Paraíso de anátidas:
Los ánades reales juegan al bolo palma,
las cercetas al “veo-veo”
y las fochas a las aguadillas.
Mientras,
los cormoranes pescan sin anzuelo ni sedal
y la mar hace el amor con el río.

Palacio de Sobrellano (Comillas). Foto Jesús Orea.

               He vuelto a Comillas porque allí he encontrado un equilibrio de clima, paisaje, monumentalidad y naturaleza que rayan la excelencia y de los que disfruto junto a mi familia que es más callada y contenida que yo, pero que también ama aquel lugar de la región que desde hace cuatro décadas llaman Cantabria, pero que es, ha sido y siempre será la Montaña de Castilla pues, no en vano, allí radicaban los bárdulos, medio vascones y vecinos de los astures, pueblo que está en las raíces y en el ADN de los castellanos. Además, Comillas es una ventana del modernismo catalán que, a finales del XIX y principios del XX, cambió la luz del Mediterráneo por los vientos fragantes del Cantábrico. Por ser, fue hasta capital de España por unas horas cuando Alfonso XII celebró allí un Consejo de Ministros, en el palacete conocido como Casa Ocejo, aún en pie y primera propiedad del Marques de Comillas cuando regresó triunfante a su pueblo después de hacer las américas. Y hasta allí se hizo la primera luz eléctrica pública de España cuando el propio Marqués quiso impresionar al rey en su inicial visita a la villa cántabra que, por cierto, estuvo dentro del señorío jurisdiccional del mendocino marquesado de Santillana, no siempre bien avenido con los comillanos. La actual iglesia de la villa es una prueba de esa desafección pues la construyeron las gentes del lugar tras negarse a ir a misa a la capilla del Mendoza en el viejo convento por los abusos y desprecios de su administrador, y en cuyas góticas ruinas radica hoy el impresionante cementerio de Comillas, donde el magnífico ángel exterminador de Llimona protege a los allí enterrados encaramado a sus muros.

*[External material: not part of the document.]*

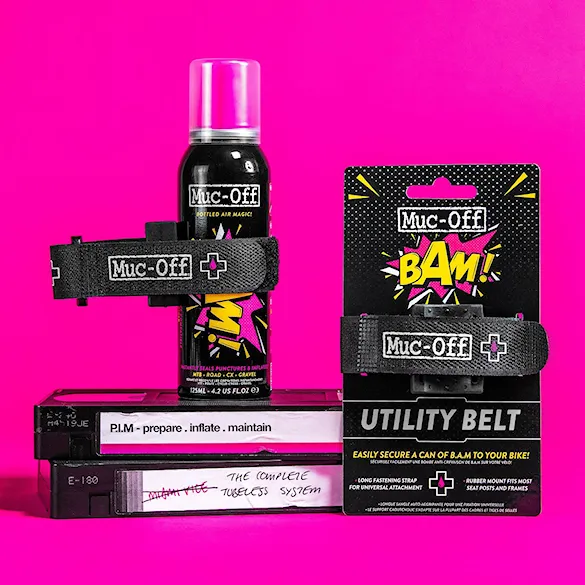 Oprava defektu Muc-Off B.A.M! Utility Belt - 4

               Se ha dado la circunstancia de que este año se ha programado en Comillas —y en parte ha coincidido con nuestra presencia allí— un festival de música conmemorativo del XX aniversario de los “Caprichos musicales”, un notable evento para los melómanos, generalmente conformado por música clásica, del que es director honorario Ara Malikian, otro fijo como nosotros y muchos más en los veranos comillanos. Y en esa programación especial, abierta a otros sonidos y tendencias musicales, ha destacado la presencia de “Los Secretos”, un grupo muy querido en Guadalajara por la indeleble huella que dejó en él Pedro Antonio Díaz, el extraordinario batería pelirrojo que se nos murió cuando era demasiado joven, incluso para el rock and roll. Comillas + Los Secretos es una combinación para mí pluscuamperfecta y no lo escribo sobre un vidrio mojado.